(Records from a dataset)

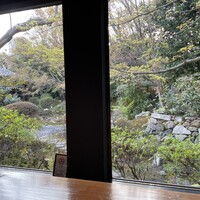 閑臥庵 - バーからの夕景の庭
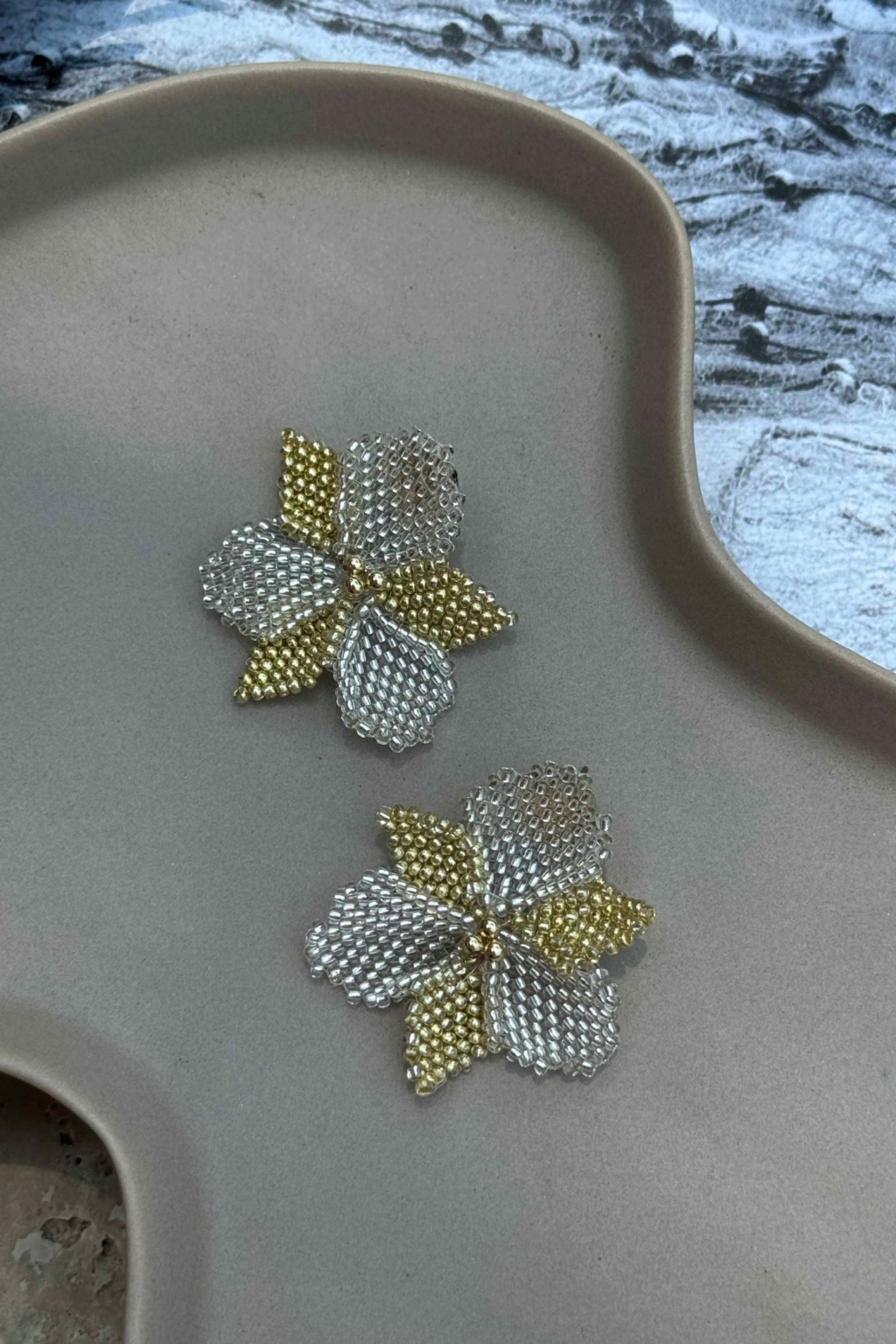 Pascua Earrings [Gold/SIlver] - Image 2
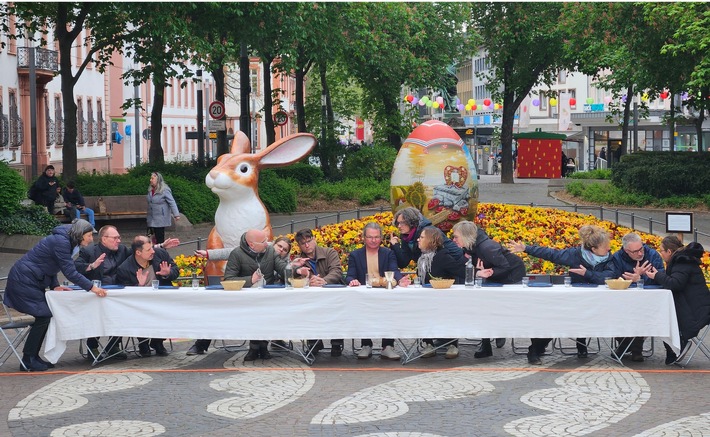Presseinfo: „Mahl ganz anders“ Straßenperformance in Fulda zum Gründonnerstag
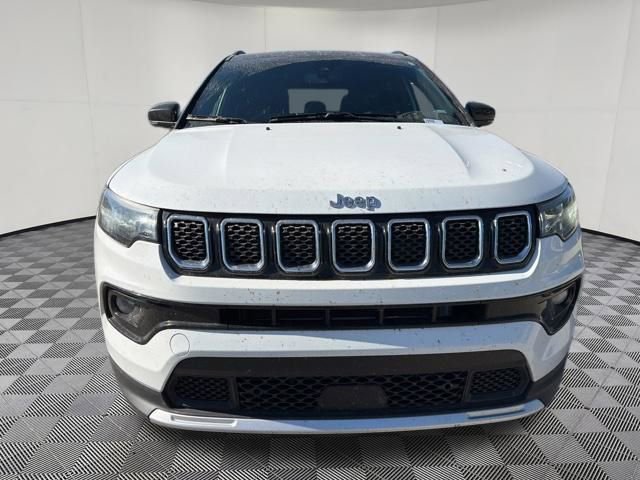 Used 2024 Jeep Compass Limited AWD/4WD image 15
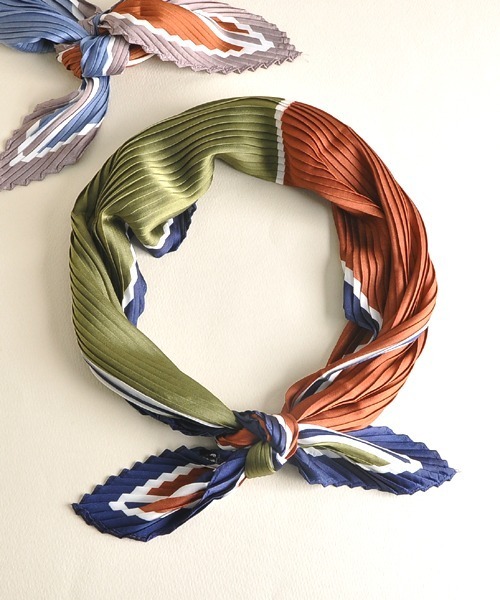 VIBGYOR（ヴィブジョー）の「【resonance】シルク プリーツ スクエア スカーフ（バンダナ/スカーフ・レディース・ベージュ系その他/グリーン系その他/オレンジ系その他・FREE）」の2枚目の写真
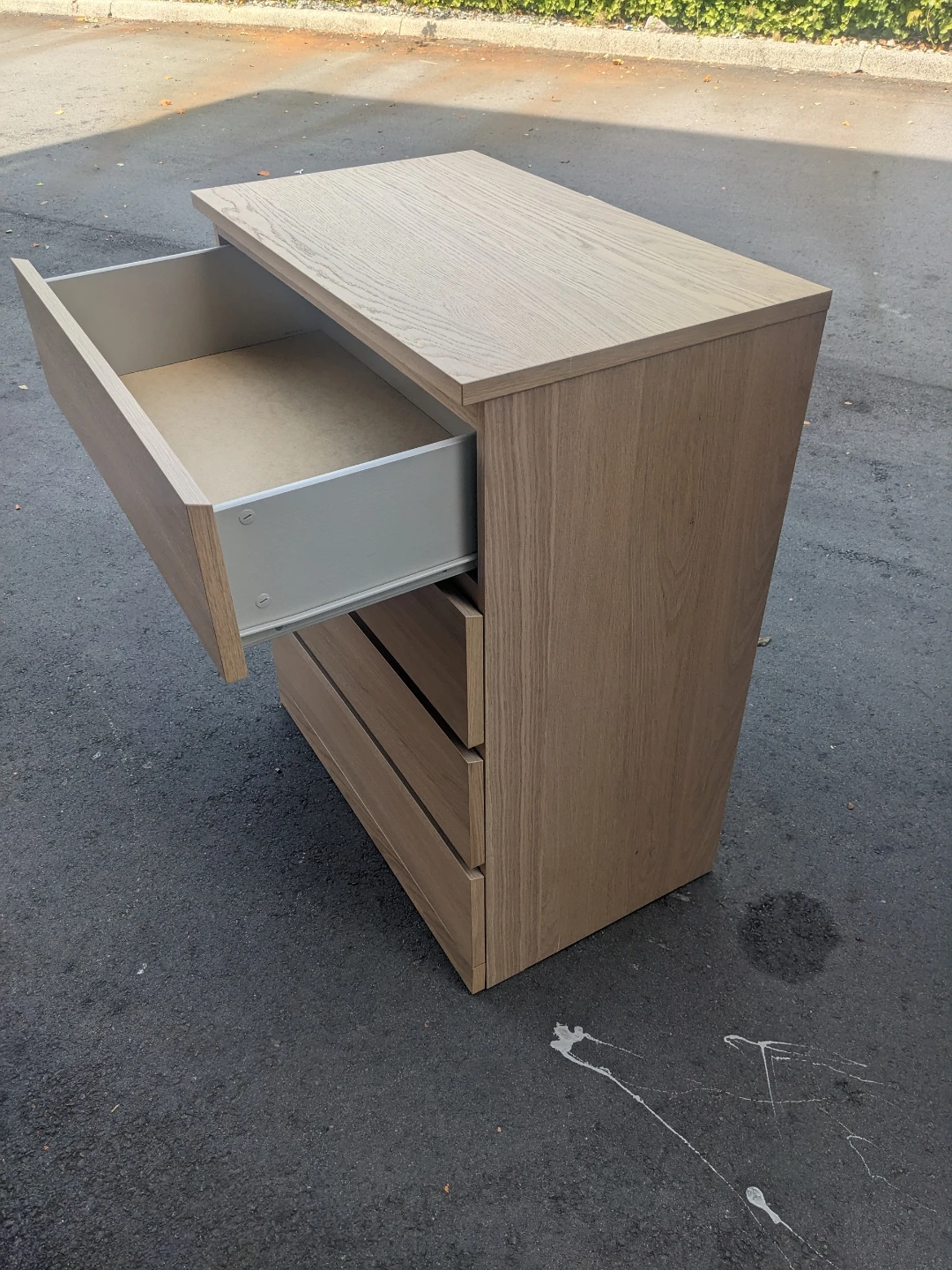 Dresser Ikea excellent condition delivery available - photo 2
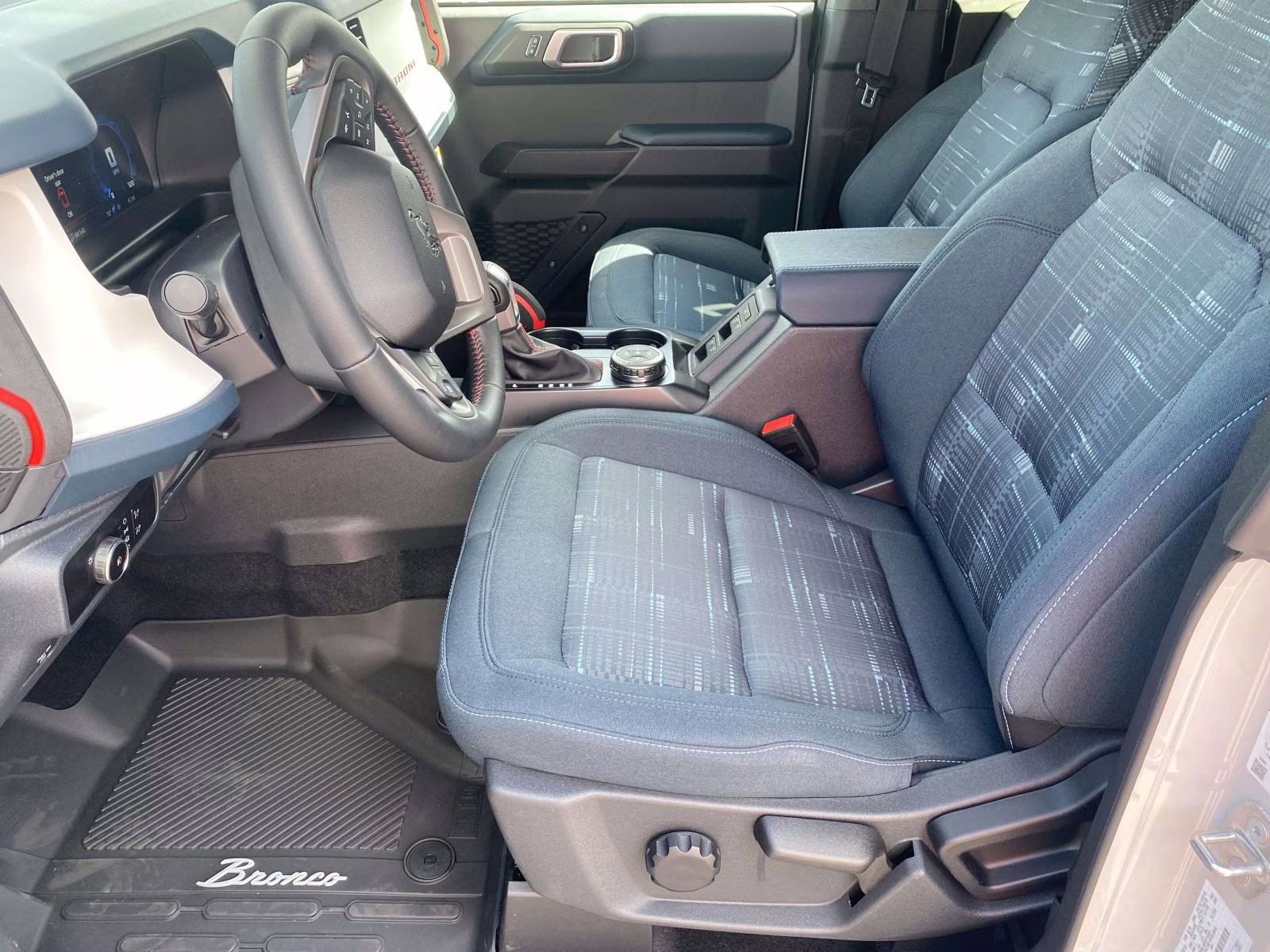 2026 Avalanche Gray Ford Bronco Heritage Edition 4X4 SUV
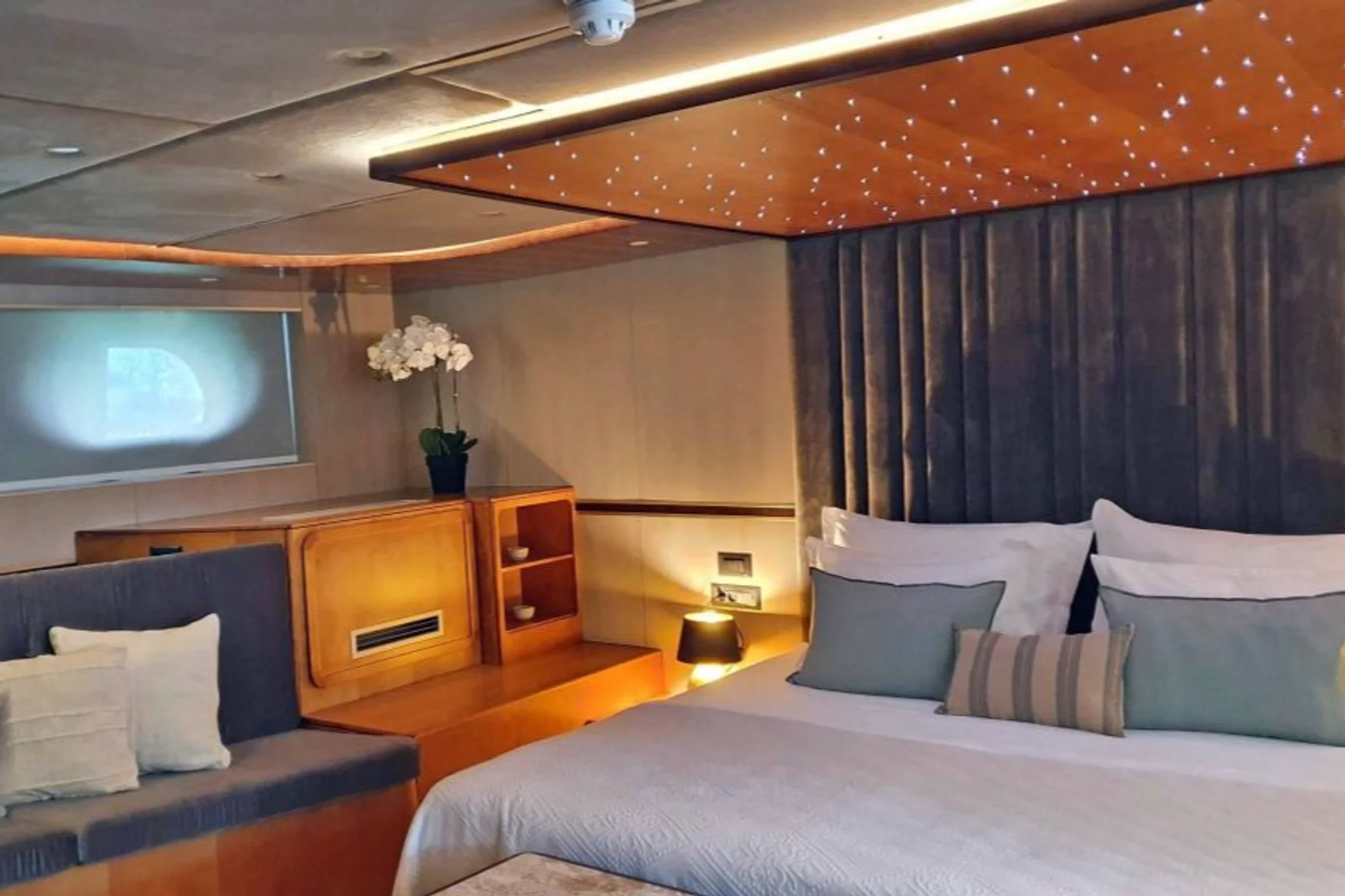 LIFE IS GOOD cabine 2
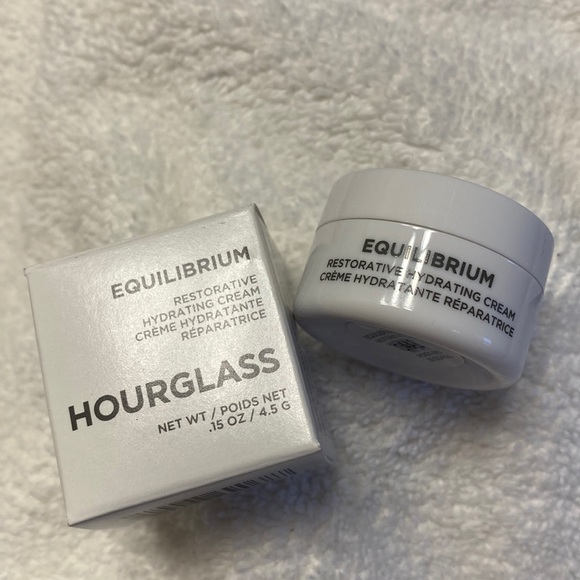 Hourglass Beauty Equilibrium Restorative Hydrating Cream Mini Size 4.5g - Picture 2 of 6
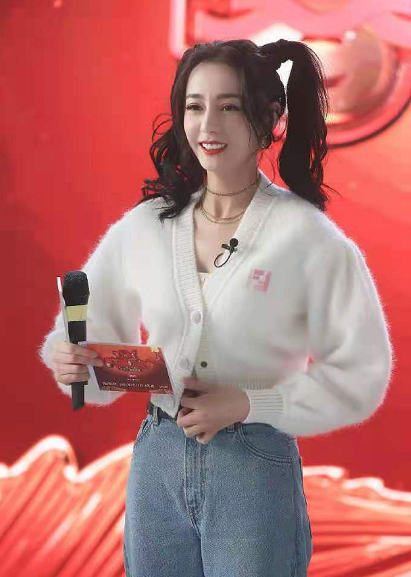 杨洋和肖奈谁漂亮，热巴本色出演大明星超美艳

Task to carry out
All lines from the one containing "2026 Avalanche Gray" to the last line of the records above, and no others, should be returned unchanged, without pictures.

Answer
 2026 Avalanche Gray Ford Bronco Heritage Edition 4X4 SUV
 LIFE IS GOOD cabine 2
 Hourglass Beauty Equilibrium Restorative Hydrating Cream Mini Size 4.5g - Picture 2 of 6
 杨洋和肖奈谁漂亮，热巴本色出演大明星超美艳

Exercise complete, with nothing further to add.